### [Exercise description]
In the listing below, find the line that contains "2-Valve Preassembled Sprinkler Manifold" and the line that contains "Rscolila Sillín de". Quote both and every line between them, exactly, and nothing more.

### [Extracted material]
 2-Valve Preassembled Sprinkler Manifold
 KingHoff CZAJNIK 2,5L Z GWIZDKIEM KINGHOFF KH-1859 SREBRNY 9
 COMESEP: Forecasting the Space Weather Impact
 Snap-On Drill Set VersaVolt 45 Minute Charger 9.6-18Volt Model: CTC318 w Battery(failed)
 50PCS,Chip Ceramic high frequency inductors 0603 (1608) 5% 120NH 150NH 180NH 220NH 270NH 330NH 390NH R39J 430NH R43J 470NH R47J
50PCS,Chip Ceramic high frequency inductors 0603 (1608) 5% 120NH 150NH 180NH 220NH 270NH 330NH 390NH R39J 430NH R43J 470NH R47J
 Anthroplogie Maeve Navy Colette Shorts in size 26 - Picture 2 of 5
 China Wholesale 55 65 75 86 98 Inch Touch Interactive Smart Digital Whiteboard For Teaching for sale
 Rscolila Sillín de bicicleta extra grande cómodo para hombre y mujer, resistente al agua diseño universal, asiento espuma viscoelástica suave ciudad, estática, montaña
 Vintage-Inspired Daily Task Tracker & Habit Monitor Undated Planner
...
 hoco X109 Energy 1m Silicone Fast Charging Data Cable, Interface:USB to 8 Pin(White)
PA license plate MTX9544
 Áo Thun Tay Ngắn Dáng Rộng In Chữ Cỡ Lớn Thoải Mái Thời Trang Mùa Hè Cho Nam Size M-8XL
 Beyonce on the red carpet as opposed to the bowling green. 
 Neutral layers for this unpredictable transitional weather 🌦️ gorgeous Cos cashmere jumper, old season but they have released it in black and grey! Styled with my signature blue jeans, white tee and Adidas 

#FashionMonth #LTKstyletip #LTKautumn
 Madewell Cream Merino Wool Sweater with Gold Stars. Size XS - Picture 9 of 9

### [Your response]
 2-Valve Preassembled Sprinkler Manifold
 KingHoff CZAJNIK 2,5L Z GWIZDKIEM KINGHOFF KH-1859 SREBRNY 9
 COMESEP: Forecasting the Space Weather Impact
 Snap-On Drill Set VersaVolt 45 Minute Charger 9.6-18Volt Model: CTC318 w Battery(failed)
 50PCS,Chip Ceramic high frequency inductors 0603 (1608) 5% 120NH 150NH 180NH 220NH 270NH 330NH 390NH R39J 430NH R43J 470NH R47J
50PCS,Chip Ceramic high frequency inductors 0603 (1608) 5% 120NH 150NH 180NH 220NH 270NH 330NH 390NH R39J 430NH R43J 470NH R47J
 Anthroplogie Maeve Navy Colette Shorts in size 26 - Picture 2 of 5
 China Wholesale 55 65 75 86 98 Inch Touch Interactive Smart Digital Whiteboard For Teaching for sale
 Rscolila Sillín de bicicleta extra grande cómodo para hombre y mujer, resistente al agua diseño universal, asiento espuma viscoelástica suave ciudad, estática, montaña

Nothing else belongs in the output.